WHAT IS EXPECTED. Beginning with the line containing "Cherry Walnut EEI-5175-WHI-CHE" and ending with the line containing "Holz-Carport mit Flachdach, 495x303", write out each line of the records below exactly; pictures and lines outside that range are left out.

EXERCISE DATA.
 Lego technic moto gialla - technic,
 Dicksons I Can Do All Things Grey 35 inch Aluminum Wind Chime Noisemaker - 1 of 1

---

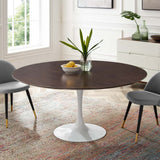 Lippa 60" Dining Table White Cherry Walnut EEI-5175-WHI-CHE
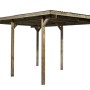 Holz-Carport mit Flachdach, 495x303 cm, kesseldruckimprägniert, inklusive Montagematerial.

---

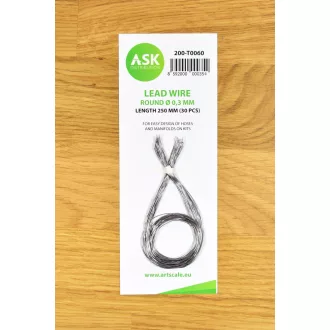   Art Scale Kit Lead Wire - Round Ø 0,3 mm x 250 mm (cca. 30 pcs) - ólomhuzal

TASK OUTPUT.
 Lippa 60" Dining Table White Cherry Walnut EEI-5175-WHI-CHE
 Holz-Carport mit Flachdach, 495x303 cm, kesseldruckimprägniert, inklusive Montagematerial.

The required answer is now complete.